Total Number of Executions by Race and Sex

per_race_sex <- data %>% group_by(Year,Race, Sex) %>% 
  tally()

per_race_sex
# A tibble: 744 × 4
# Groups:   Year, Race [670]
    Year Race  Sex        n
   <int> <chr> <chr>  <int>
 1  1608 White Male       1
 2  1622 White Male       1
 3  1624 White Male       1
 4  1626 White Male       1
 5  1637 White Male       1
 6  1638 White Male       4
 7  1641 Black Male       1
 8  1641 White Male       1
 9  1642 White Male       2
10  1643 White Female     1
# … with 734 more rows
ggplot(per_race_sex, aes(Sex, fill = Race)) +
  geom_bar(position = position_dodge()) +
    geom_text(aes(label=after_stat(count)), stat="count", vjust=1.6, 
            color="black", position = position_dodge(0.9), size=3.5)+
  labs(y="Count of Executions") +
  ggtitle("Number of Executions by Sex and Race") +
  theme(axis.text.x = element_text(angle = 45, hjust = 1)) 

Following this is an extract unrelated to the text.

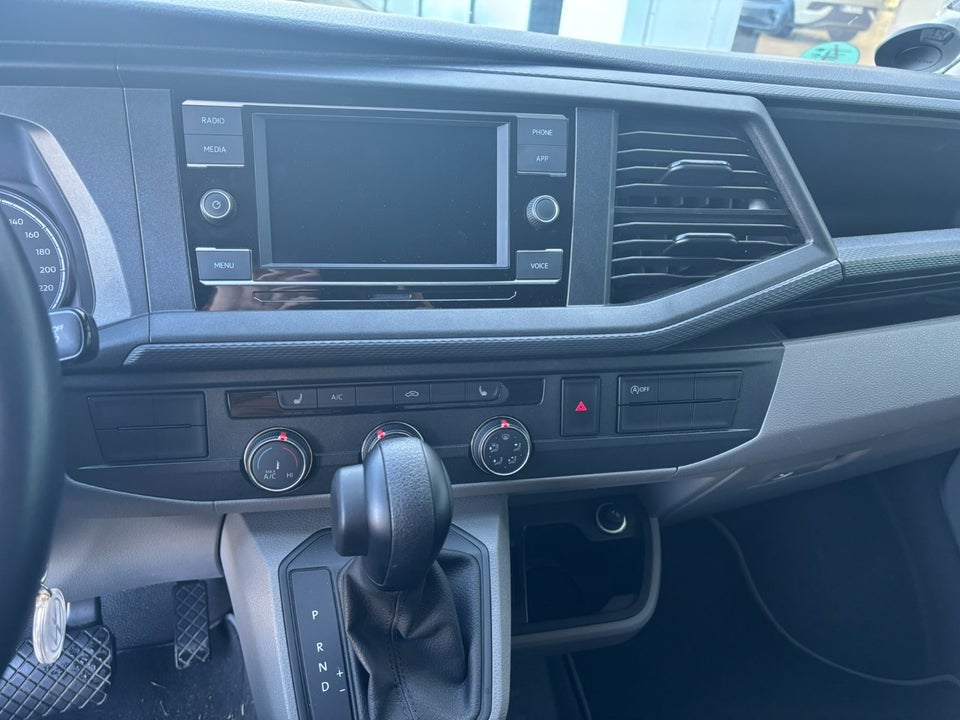VW Transporter 2,0 TDi 204 Kassevogn DSG lang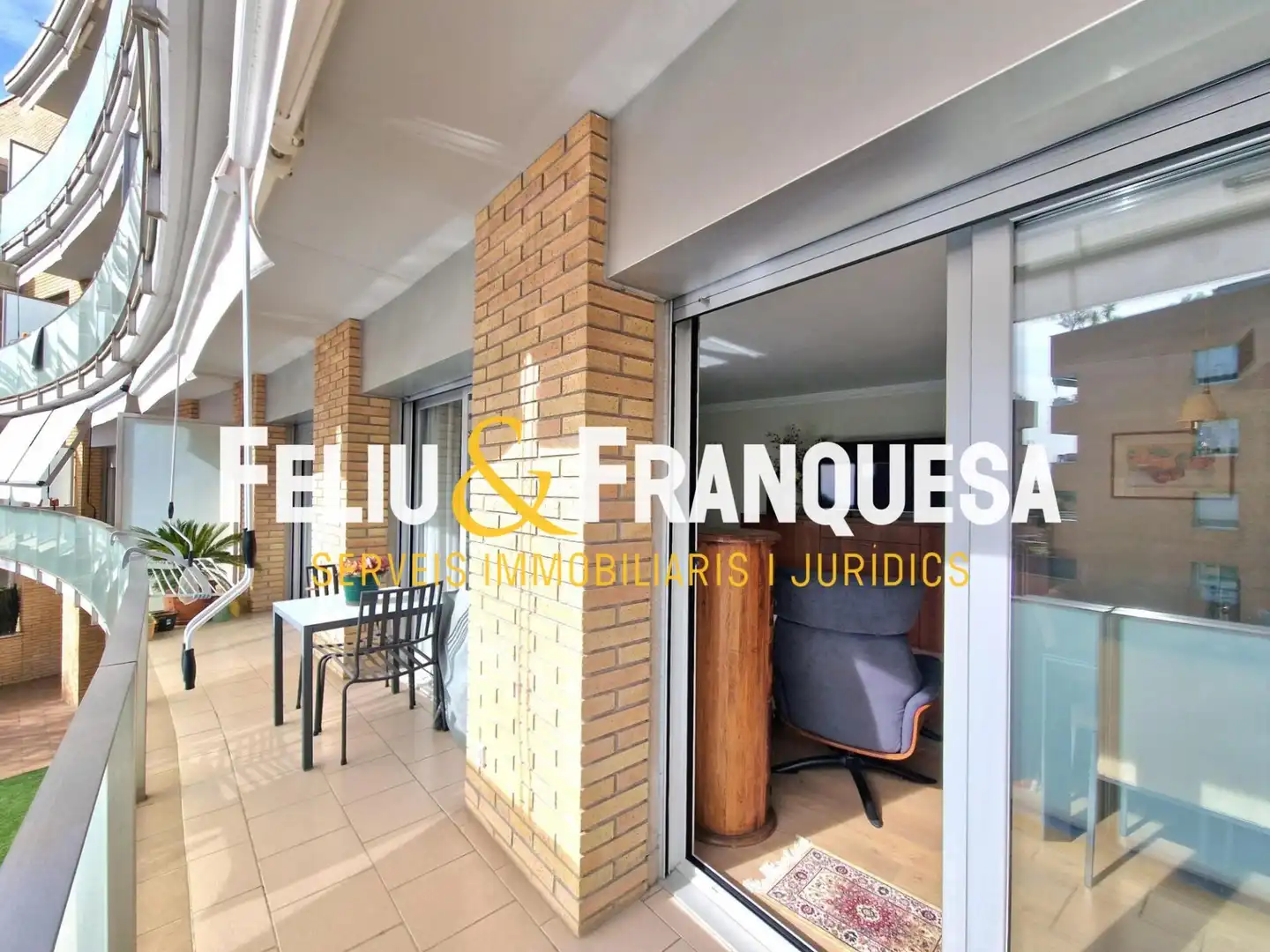 Exterior view of Flat for sale in Sant Cugat del Vallès  with Heating, Terrace and Storage room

I created the above graph to find out the number of executions by race and sex. It is observed that for both male and female sexual orientations, individuals identifying as White were executed the most. It should be noted that in this dataset, no females belonging to the Native American and Asian Pacific races were not executed.

Visualizations on Gender

In this section, I have done a few visualizations on race in the hope of finding the answer to the questions:

  • Are men sentenced to death more often than women?
  • Have there been any reversals in this trend?

Total Executions by Sex

per_gender <- data %>% group_by(Year, Sex) %>% tally()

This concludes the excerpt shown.